WHAT NEEDS TO BE DONE>
Reproduce all of the data below without alteration; exclude every picture.
(Beginning of DATA FOR PROCESSING)
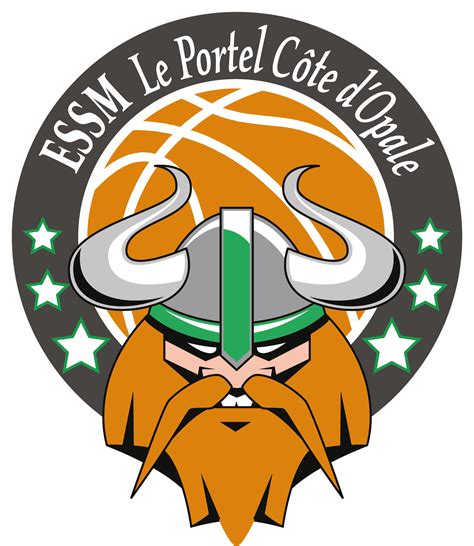 Billetterie Essm Le Portel C Te D Opale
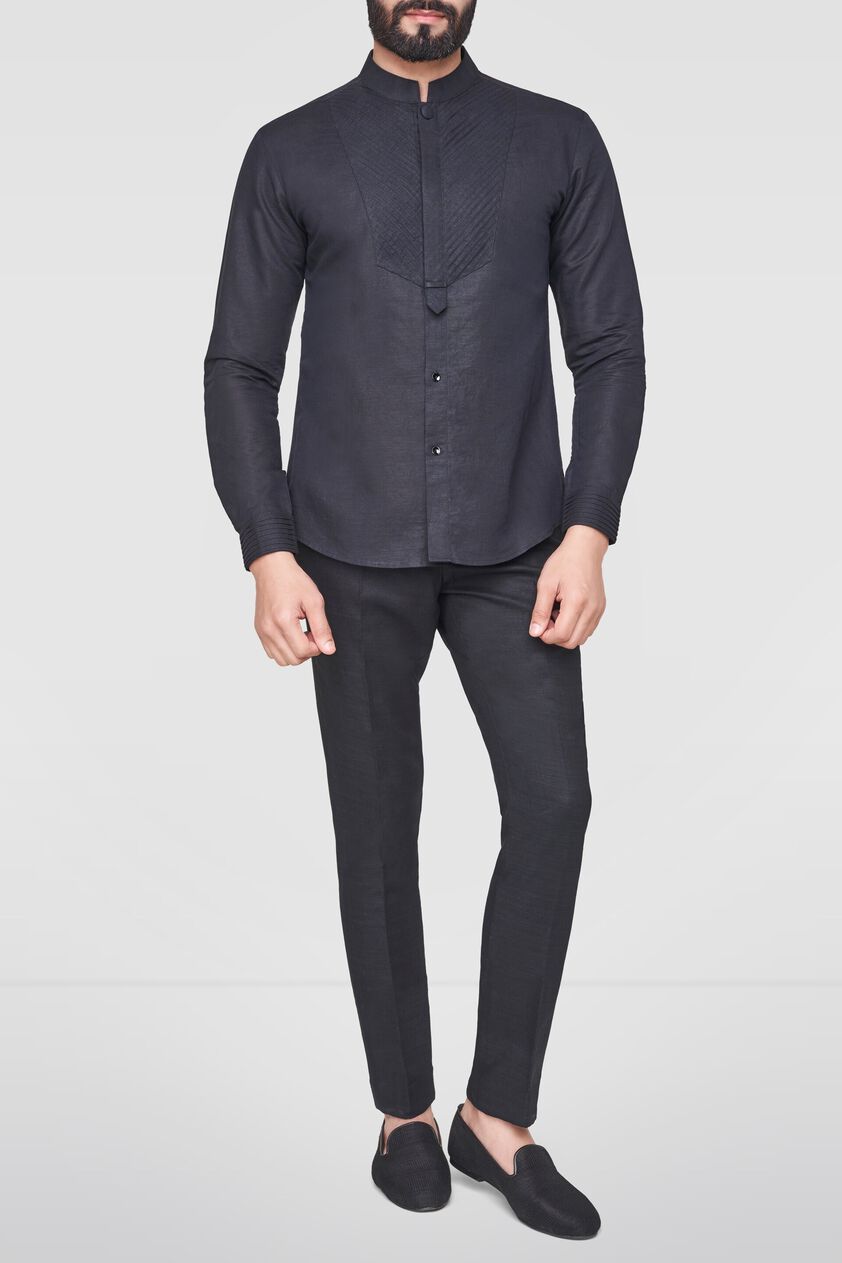 1 - Arnav Shirt, image 1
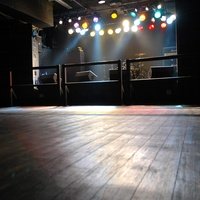 BAYSIS, Йокогама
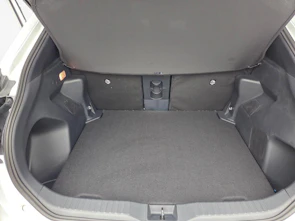 Fahrzeugbild TOYOTA Yaris Cross 1.5 VVT-i HSD Trend AWD-i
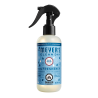 Rain Water Room Freshener 236ml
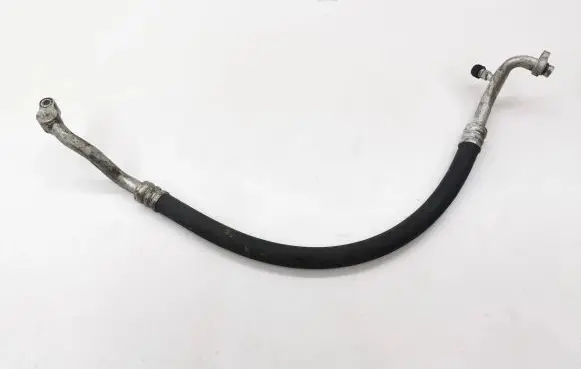 KIA Sorento Air conditioning (A/C) pipe/hose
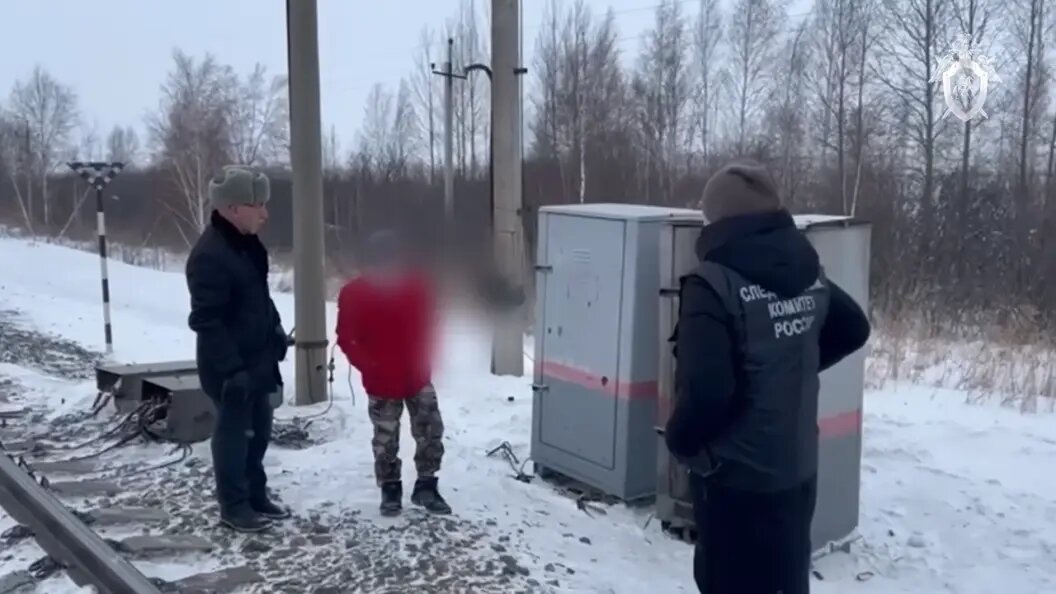    Фото: Восточное МСУТ СК России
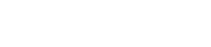 The Man Company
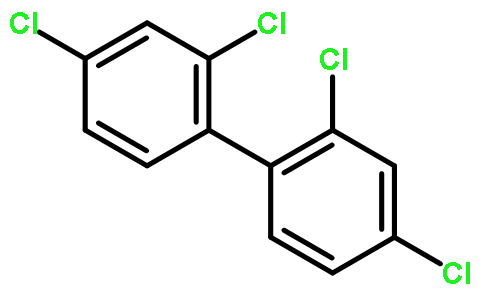 有机标准溶液2437-79-8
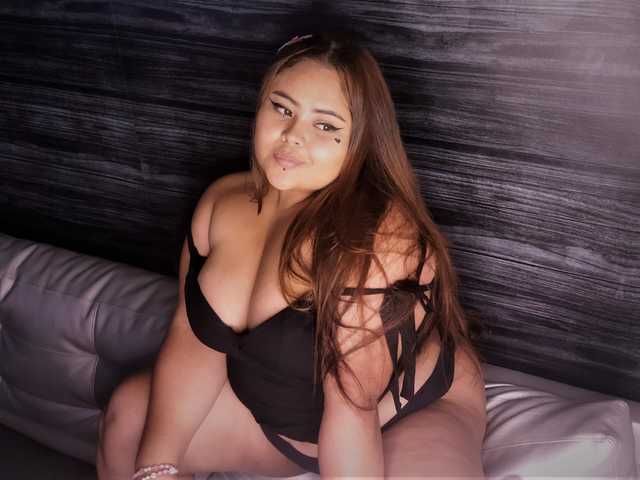 Fotografija profila EmmiWatson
(End of DATA FOR PROCESSING)
EXERCISE OUTPUT>
 Billetterie Essm Le Portel C Te D Opale
 1 - Arnav Shirt, image 1
 BAYSIS, Йокогама
 Fahrzeugbild TOYOTA Yaris Cross 1.5 VVT-i HSD Trend AWD-i
 Rain Water Room Freshener 236ml
 KIA Sorento Air conditioning (A/C) pipe/hose
    Фото: Восточное МСУТ СК России
 The Man Company
 有机标准溶液2437-79-8
 Fotografija profila EmmiWatson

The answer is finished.